Copy exactly and only the lines running from the one that contains "Ryoujoku Gakkou Vol. 1 Fhentai - Page 159" to the final line of the data below, without the pictures.

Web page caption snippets

*** Block opens ***

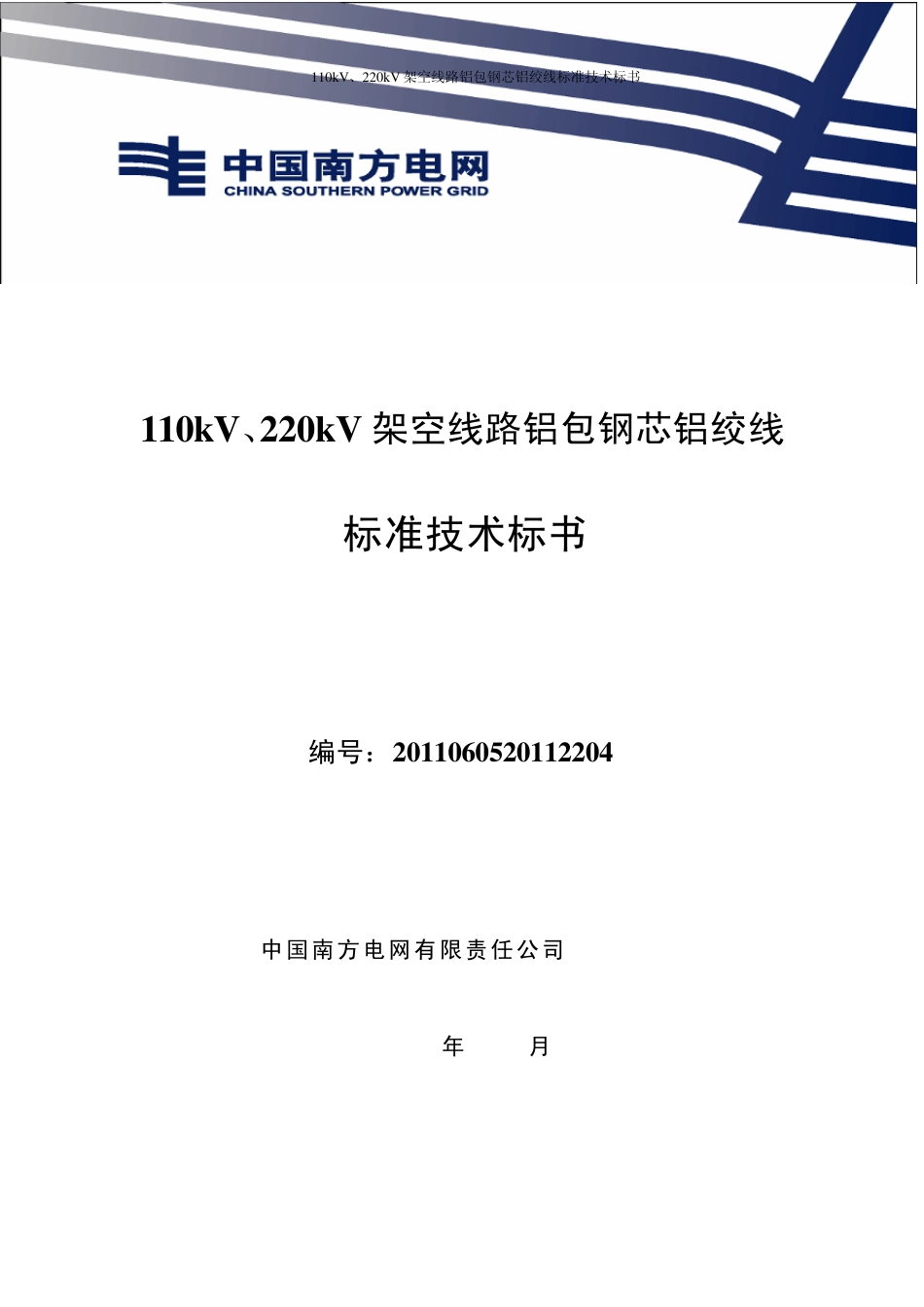 110kV、220kV架空线路铝包钢芯铝绞线标准技术标书_第1页
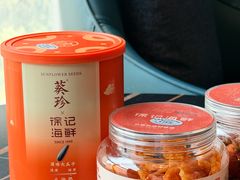 -徐记海鲜(大雁塔|金都店)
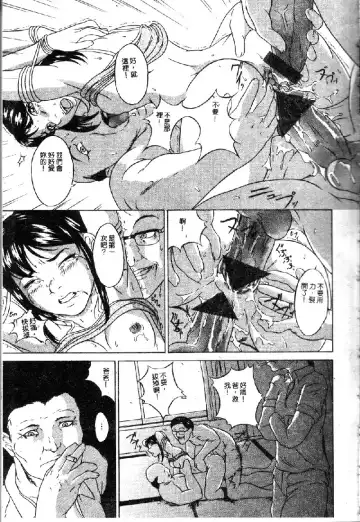 Ryoujoku Gakkou Vol. 1 Fhentai - Page 159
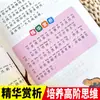 Un Juego Completo de 4 Volúmenes de Fábulas Chinas Antiguas, una Lectura Obligatoria para Tercer Grado, Libros Extracurriculares Genuinos con Notación Fonética para Tercer Grado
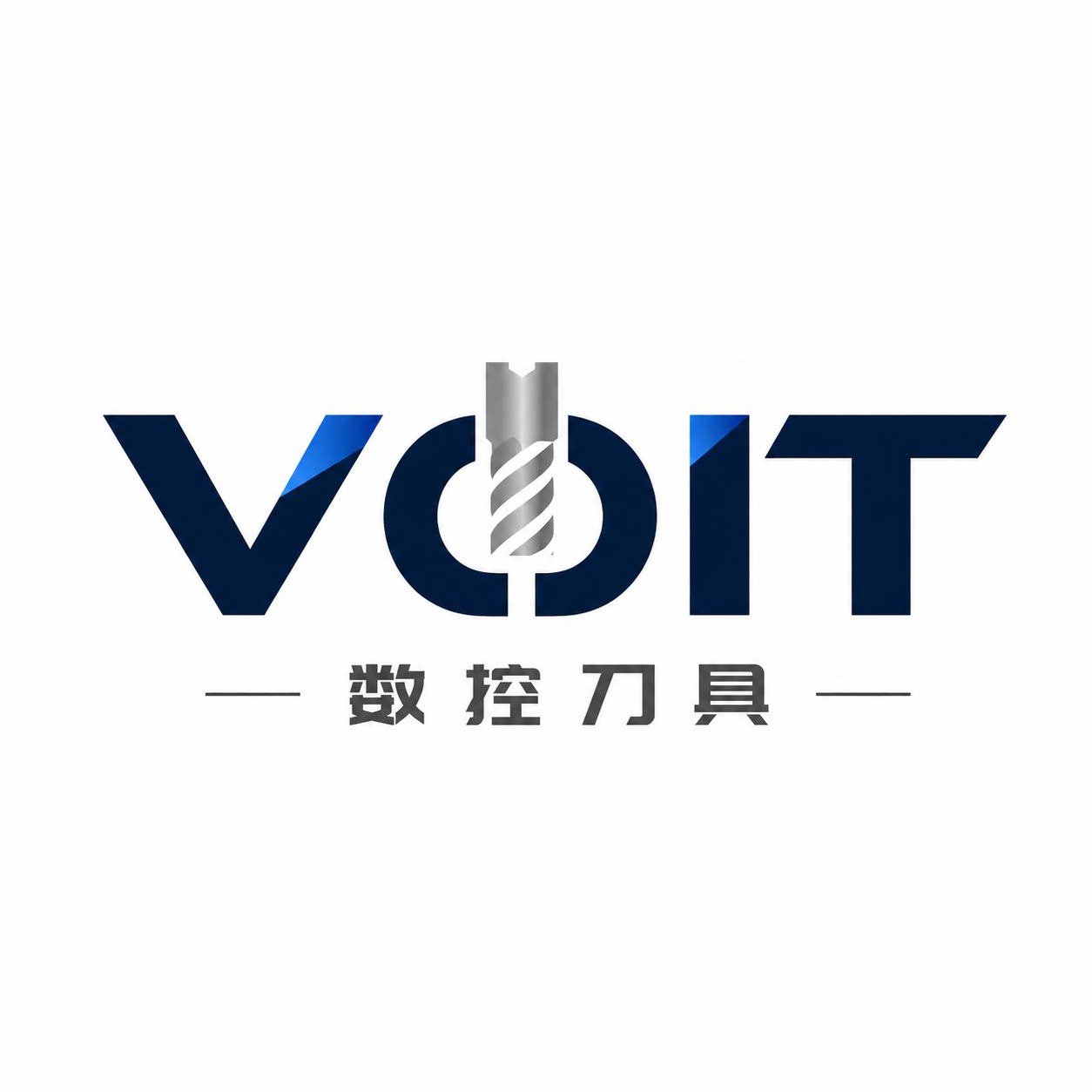 VOIT数控刀具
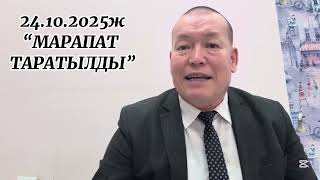 видео: 24.10.2025ж.  картинка: 24.10.2025ж.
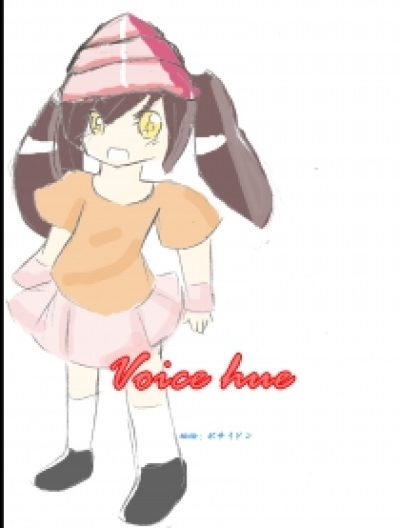 Voice hue漫画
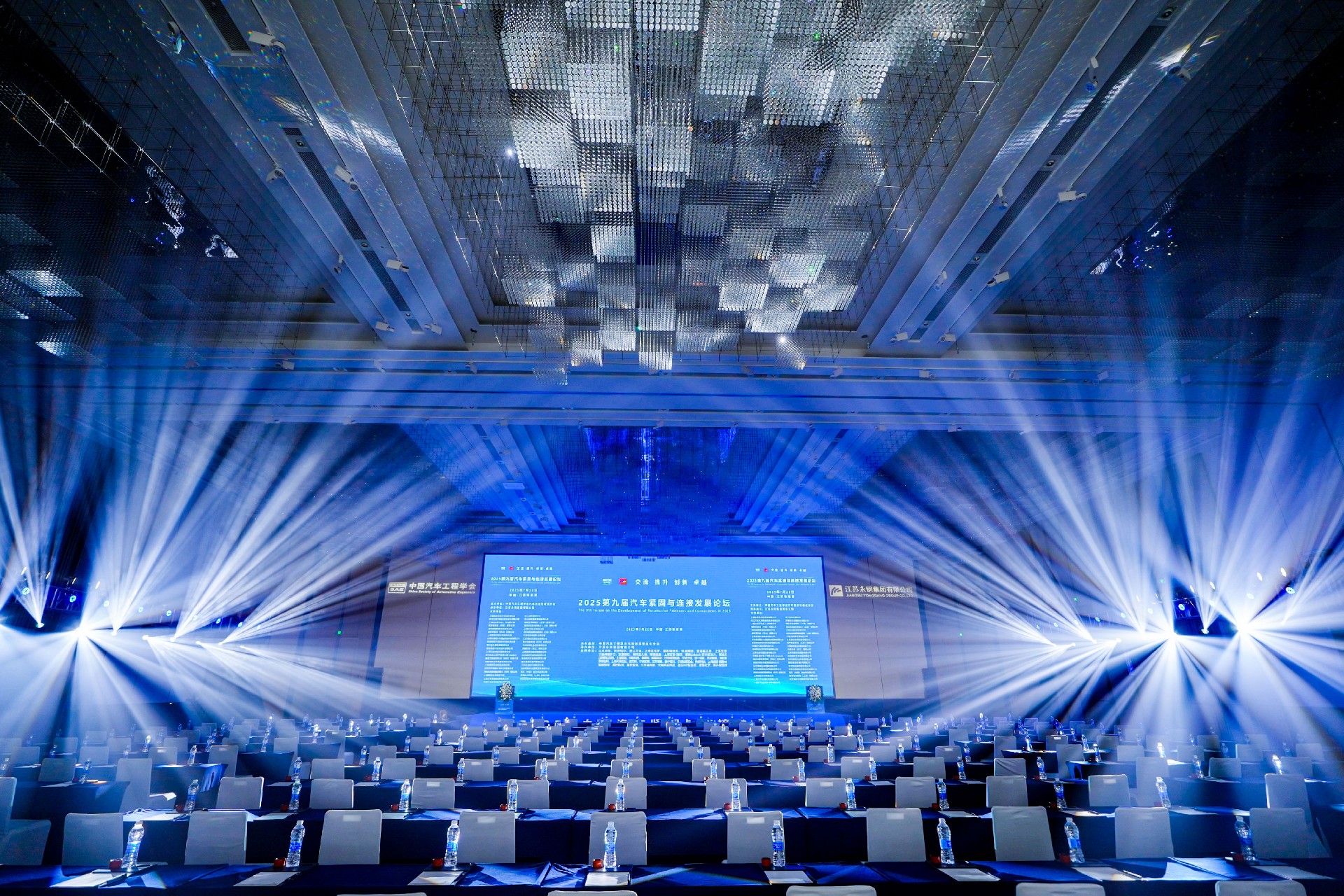 zinc plating equipment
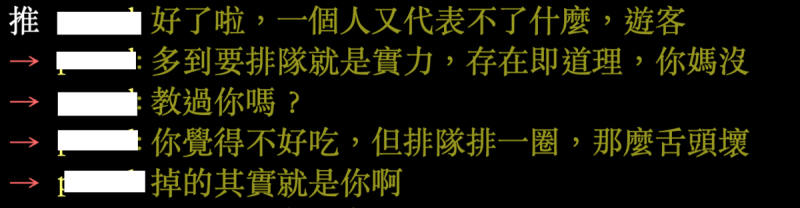 影片曝光後瞬間在PTT掀起兩派討論。   圖：翻攝自ptt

*** Block closes ***

EXERCISE RESULT:
 Ryoujoku Gakkou Vol. 1 Fhentai - Page 159
 Un Juego Completo de 4 Volúmenes de Fábulas Chinas Antiguas, una Lectura Obligatoria para Tercer Grado, Libros Extracurriculares Genuinos con Notación Fonética para Tercer Grado
 VOIT数控刀具
 видео: 24.10.2025ж.  картинка: 24.10.2025ж.
 Voice hue漫画
 zinc plating equipment
 影片曝光後瞬間在PTT掀起兩派討論。   圖：翻攝自ptt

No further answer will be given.